As a developer, Urban Splash agonises about the choice of architects we use, and we spend hours with the designers discussing and refining the details and design of our buildings. But does it really make a difference?
I've been frustrated on many occasions by the mediocrity of a lot of the apartment buildings currently being developed, particularly in cities like Manchester and Birmingham, and even more annoyed that, despite their mediocrity, these apartments seem to sell well and, on occasions, extremely quickly.
I've never been able to understand why someone would choose a dull, poorly designed apartment when much better designed alternatives are available at similar prices.

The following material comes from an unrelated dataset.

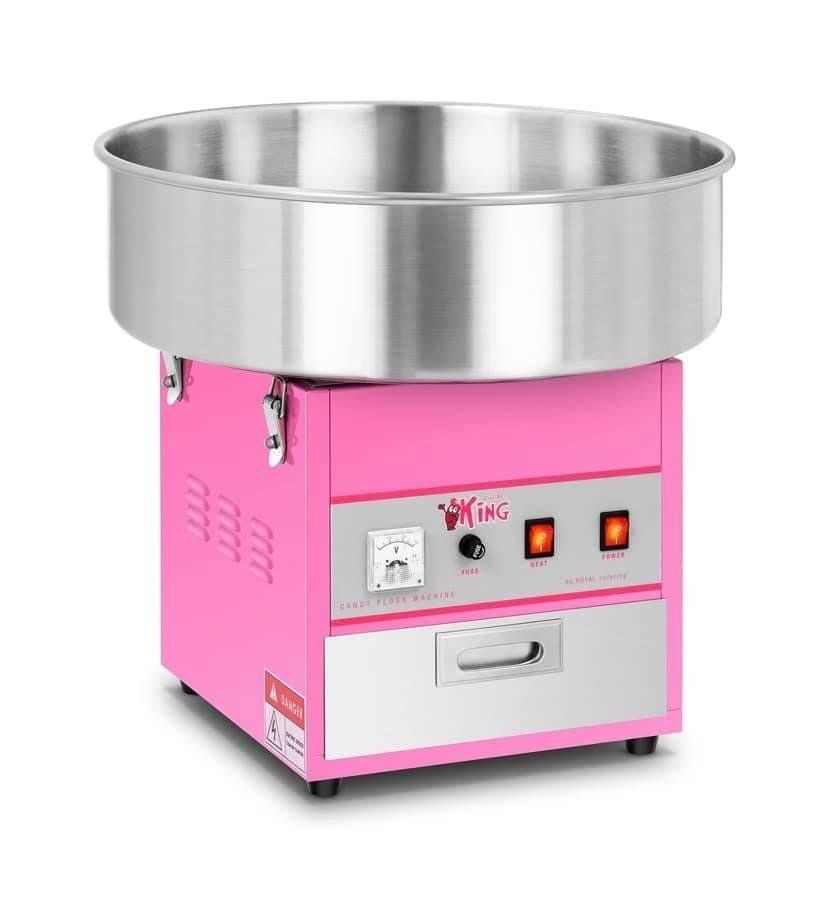 Roze suikerspinmachine met een grote roestvrijstalen kom en bedieningspaneel.
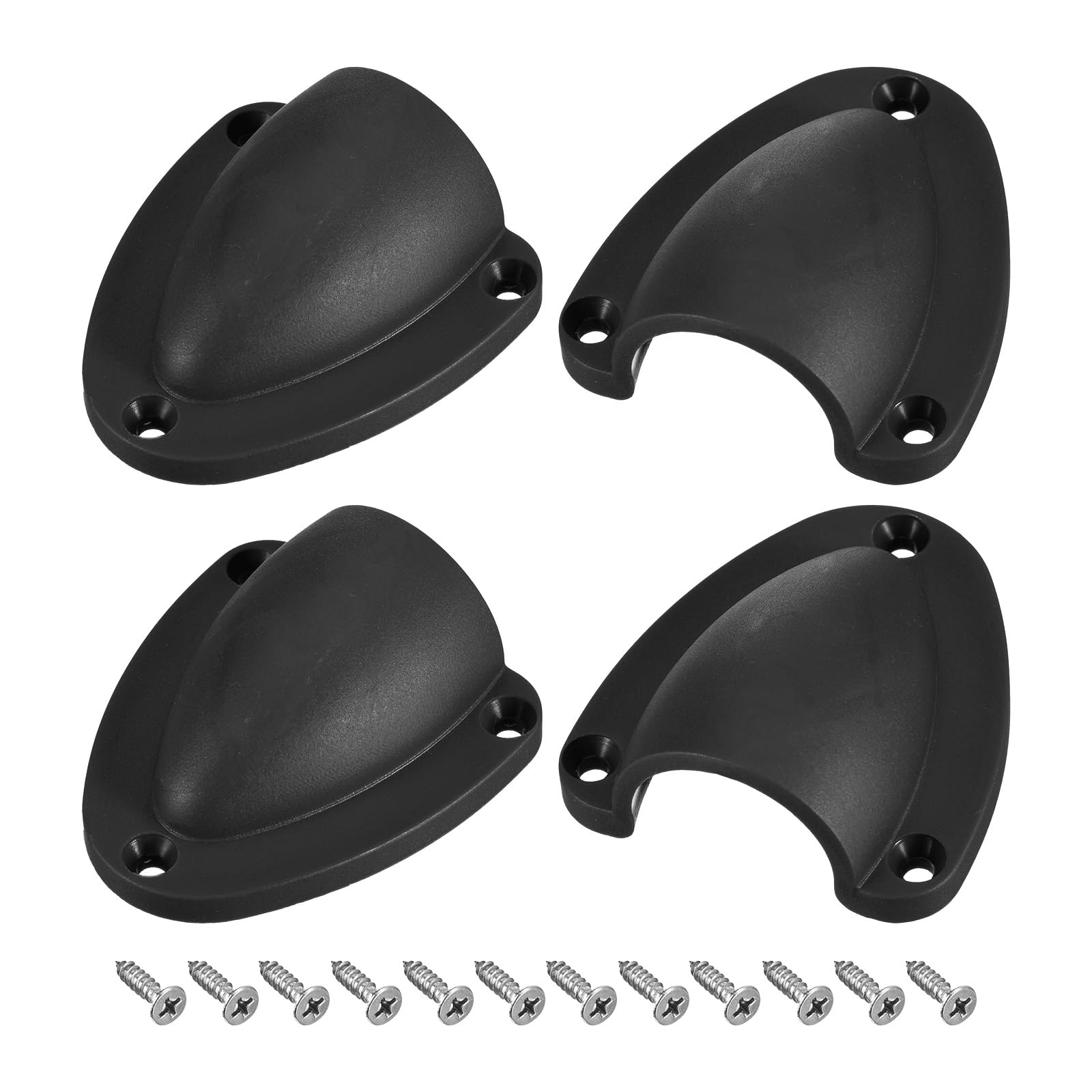 sourcing map Marine Wire Cable Vent Cover, 4Pcs - Nylon Clamshell Hose Vent Cover with Screws, Transducer Mounting Plate for Boat Yacht (Black, 2.48x2.28 Inch)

Was all the time we spent picking sites, running architectural competitions to find the very best designers, pushing planning permissions and generally working hard to squeeze every bit of potential out of every site a waste of effort, when others were seemingly building absolutely average developments and selling them off plan?
However, two things reassured me last month.
The first was a visit to another development that I consider to be mediocre and had been surprised to learn was supposedly sold out many months ago. However, when I visited I found out in actual fact it wasn't sold out at all.
The second was Urban Splash's recent launch of the Rotunda in Birmingham.
Here we are working with Glenn Howells to turn the cylindrical landmark that was once the unloved Rotunda offices above the Bullring into 232 new apartments.
I think most people would agree that the residential market in Birmingham City Centre is quite difficult at present, with many developments unsold.
However, we launched the Rotunda and, within 20 minutes of the public launch, every apartment had been reserved.
I'm sure much of this was due to the interesting design by Glenn Howells alongside a great location and good marketing.
It is very reassuring that, when the market gets tough, great buildings, great locations and great design will always sell. Seeing the success of something like the Rotunda launch really reassured us that spending time, energy and resources on design not only makes for great buildings but makes great business sense as well.